In the realm of data, efficiently storing and managing resources is a common challenge. Especially when dealing with large volumes of simulation results in an AWS S3 bucket, alongside parameter data in a DynamoDB table, an automated data management system becomes crucial to limit storage costs and manual labor.
In this blog we will explore two features provided by Amazon Web Services (AWS): Lifecycle Rules in S3 and Time to Live (TTL) in DynamoDB. Both features serve as great strategies for effective data management.
S3 Lifecycle Rules for Efficient Storage Management
As data volumes increase in an S3 bucket, a structured storage plan becomes essential. This is where Lifecycle Rules in S3 come into play.
Lifecycle rules can be added via AWS Management Console. Navigate to the S3 bucket and locate the Management tab. Here you can find Lifecycle Rules and create a new rule:
Each rule requires a unique name. Optionally, you can add a filter such as: a prefix, tag or object size. Without a filter, the rule applies to all objects in the bucket.
For example here I’m creating a 3-day retention rule. I want the objects to expire after 3 days but you can choose to transition the objects to a different storage classes like Glacier.
AWS Console helpfully displays how this rule will affect the objects in the bucket.
These rules allow the user to define how objects transition between storage classes and when they expire. The functionality relieves the burden of manual tracking. Upon saving the rules, S3 manages the objects according to the lifecycle rule.
Note: These rules can also be configured through Terraform when setting up the bucket.
TTL in DynamoDB for Optimal Data Cleanup
When data accumulates in a DynamoDB table, some items, which are time-sensitive, may need to be removed. DynamoDB’s Time to Live (TTL) feature serves this purpose optimally.
TTL can be enabled via the DynamoDB service on the AWS Management Console. Find the table you want to enable TTL for and go to the Additional Settings tab. Turn on TTL and you’ll see the form below:
Your TTL attribute needs to exist for items in the table and it should be a Unix timestamp of the time the table item should expire. There’s a helpful preview option where you can simulate the expiry time.
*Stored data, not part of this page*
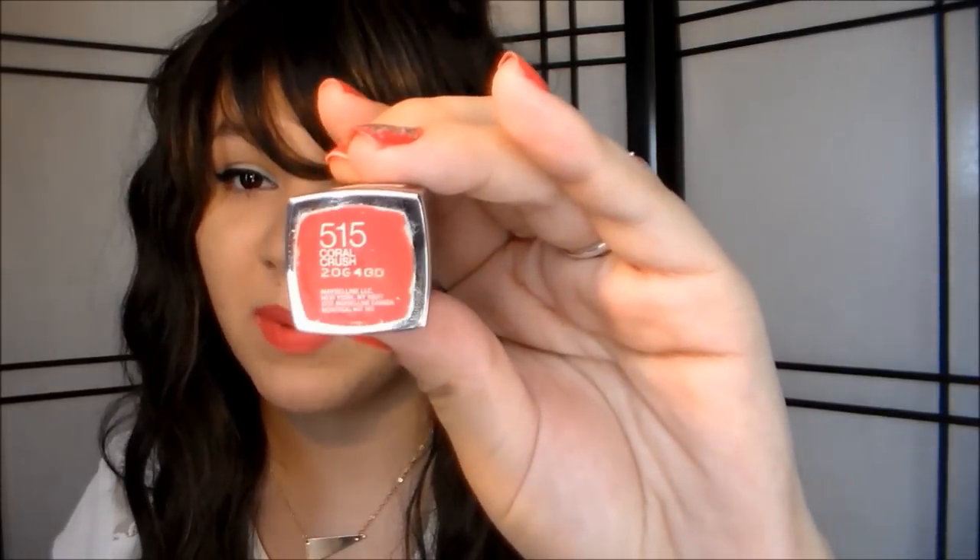The next one is really old — I think I bought this one in 2010. This is called Coral Crush by Maybelline, Number 515. Look at it — it's down to a little stub. I used this so much when I was in 8th grade; this was my lipstick. It's so pretty, and it's not even really bright. It may look bright on camera, but it's not really bright.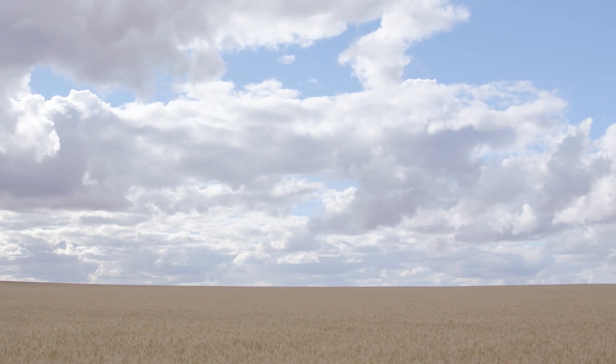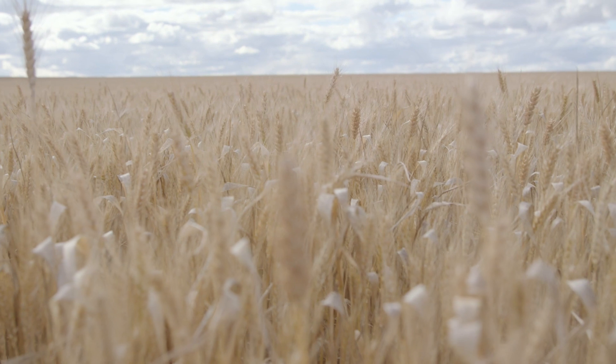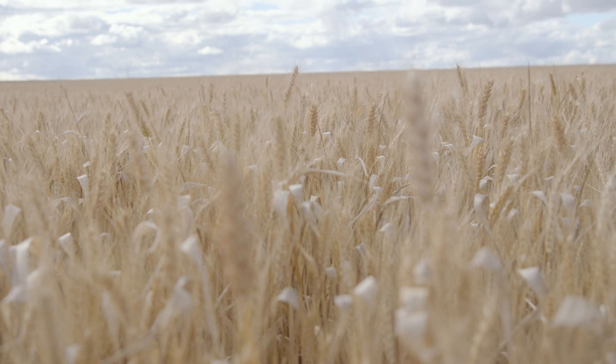We had an opportunity here to be involved with a 100 hectare paddock-scaled Matino Complete trial on a property in West Bathara. It varies from a sandy duplex into a sandy gravel that then travels into a loamy soil at the other end of the paddock, so we have good variability.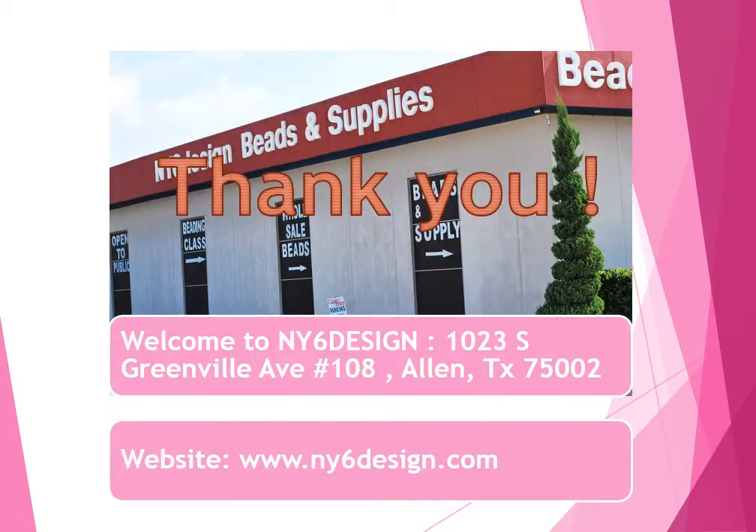Thank you for watching. Welcome to our store. Thank you for joining us.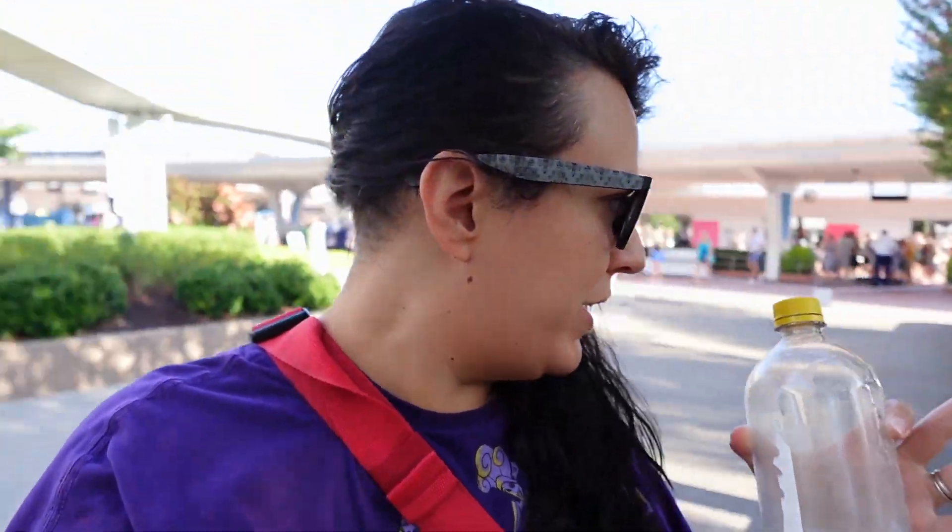Good morning everyone and welcome to EPCOT! Today is a big day — it's the first day of the 100th anniversary celebrations here at EPCOT. We're here to check it out and I'm going to take you with us, so get yourself ready, grab a nice cold beverage, and see what fun we can get into today. We have some other things to talk about too, so let's get into it.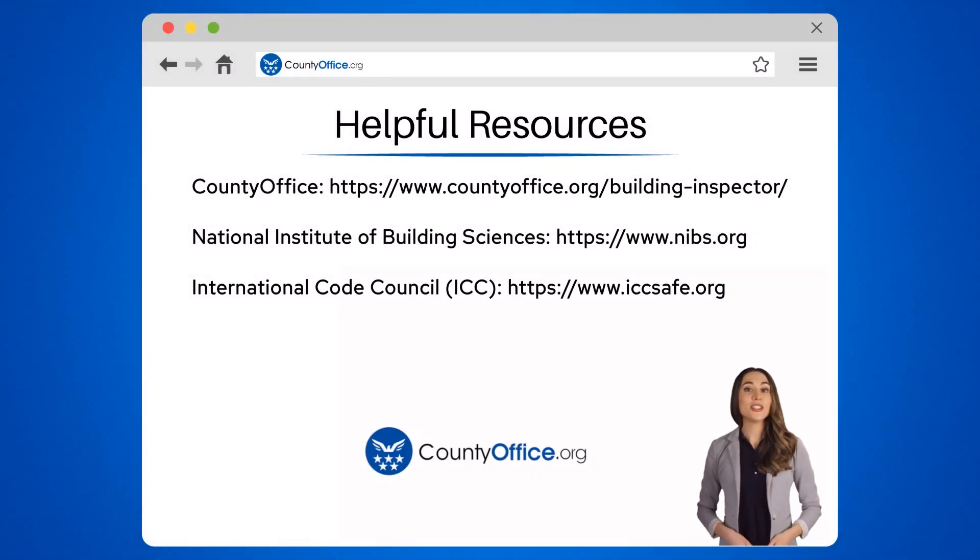To learn more, check out these links, which you can click in the description below. Feel free to comment your questions — we're here to help. Thanks for tuning into our video. Please like and subscribe and leave a comment below.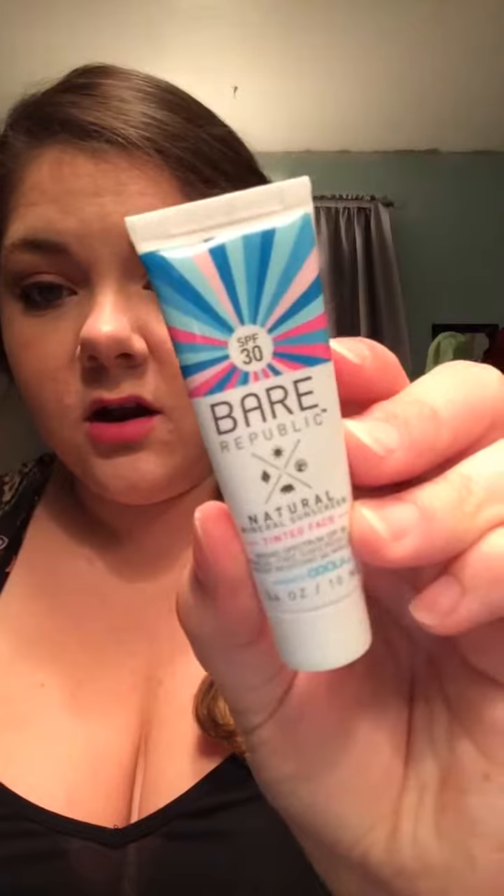The fourth thing I got was Bear Republic Natural Mineral Sunscreen. It says tinted face, broad spectrum, SPF 30, chemical-free sunscreen lotion, water resistant 40 minutes. I've never heard of this brand either, but I love getting these little sunscreen samples, especially the tinted ones, because they're really good to put on before you go to the beach so you're not applying all that makeup. I hate wearing makeup to the beach, but at the same time I hate not having my face on. So I really like getting the tinted moisturizers and tinted sunscreens. Definitely want to give that a try.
After enabling TTL, all you need to do is configure the TTL attribute in your table items. Below is the 3 day retention TTL attribute for a table item:
"TimeToExist": int(round(dt.datetime.now().timestamp())) + (72 * 60 * 60)
You can also see this attribute suffixed (TTL) if you explore the items in the table:
And when you click the timestamp you can see exactly when this item will expire:
Note: This also can be configured through Terraform when setting up the table.
Incorporating S3 lifecycle rules and DynamoDB TTL is an effective strategy for managing data and reducing storage costs. Going forward, these strategies can be integrated into your applications’ architecture from the get-go, offering a level of automation that minimizes manual labor and increases efficiency.